Un esempio di pura economia circolare

“Da quando siamo attivi, dall’ottobre 2020, abbiamo recuperato ad oggi 100 tonnellate di prodotti agricoli ancora ottimi, ma rifiutati dai compratori della filiera tradizionale” racconta Camilla Archi, che sottolinea come spesso questi ultimi sbattano la porta in faccia all’agricoltore solo perchè ha prodotto un raccolto “anomalo” fatto di frutti più piccoli, con bucce dal colore non perfetto secondo gli standard imposti o zucchine non dritte come fusi, per citare qualche esempio. “Un danno incalcolabile sul fronte dello spreco – aggiunge la Archi-, considerando anche che il cambiamento climatico è sempre più presente e incide sulla qualità estetica dei prodotti: una violenta grandinata può compromettere l’aspetto della buccia di un frutto, così come la siccità e dunque la mancanza di acqua, può incidere sulla grandezza dei prodotti, portando non di rado a dover buttar via il 70% del raccolto.

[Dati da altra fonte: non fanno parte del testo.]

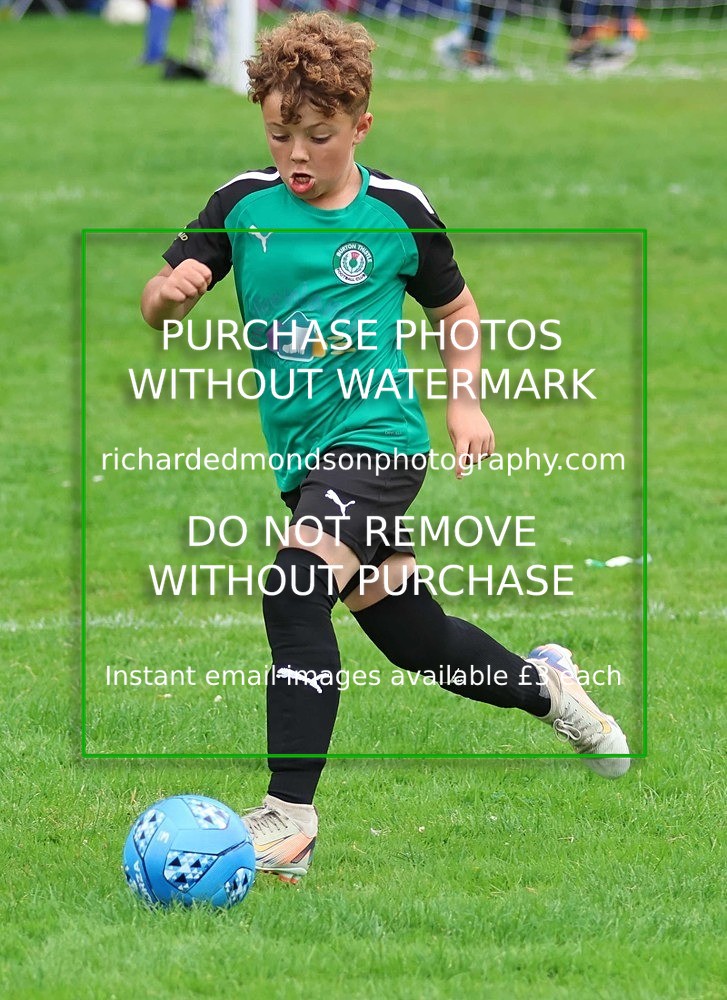 533A7928 - Burton Thistle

Noi lo compriamo al giusto prezzo per l’agricoltore e lo rivendiamo”. “Chi entra in negozio viene a conoscenza della storia di quel prodotto – aggiunge la co-fondatrice di ‘Bella Dentro’ -, storia che spesso trova il completo stupore di chi acquista, ma mai indifferenza o rifiuto. Piuttosto nasce una virtuosa presa di coscienza”.

Non a caso, in Italia, lo scarto di frutta e verdura, è in testa fra tutti gli altri alimenti buttati via dai consumatori: i dati del Centro Comune di Ricerca della Comunità europea piazzano il Belpaese al primo posto delle nazioni più sprecone con 270 milioni di tonnellate di cibo che finiscono nella spazzatura ad opera dei consumatori, con ai primi posti sul fronte della tipologia di alimenti, proprio i vegetali. La conoscenza, dunque, sembra essere la chiave di volta per un cambiamento culturale sulle prassi di gestione del cibo, spesso acquistato in quantità superiori alle necessità di reale consumo.  

Spreco alimentare nel mondo

La sensibilizzazione sul tema, appare necessaria anche al livello globale: lo sperpero di prodotti alimentari sembra, infatti, livellare tutti i Paesi del mondo. Stando ad una ricerca delle Nazioni Unite nel solo 2019 è stato buttato via il 17% del cibo disponibile al consumo, pari a 931 milioni di tonnellate, di cui sono state responsabili famiglie, rivenditori, ristoranti e altri servizi alimentari nel mondo. Il nodo più debole dello spreco sembrano essere proprio i destinatari finali, i nuclei famigliari, che scartano l’11% di alimenti, mentre servizi e punti vendita al dettaglio ne sprecano rispettivamente il 5% e il 2%. A livello globale vengono gettati 121 chilogrammi di cibo a testa l’anno, con 74 chilogrammi a livello familiare. Una prassi che pesa su ambiente, contesti sociali ed economici. Ridurli, infatti, ricorda l’Onu, potrebbe portare ad un taglio delle emissioni di gas serra e a rallentare la distruzione della natura attraverso la conversione dei terreni, all’aumento della disponibilità di cibo e quindi a diminuire la fame nel mondo.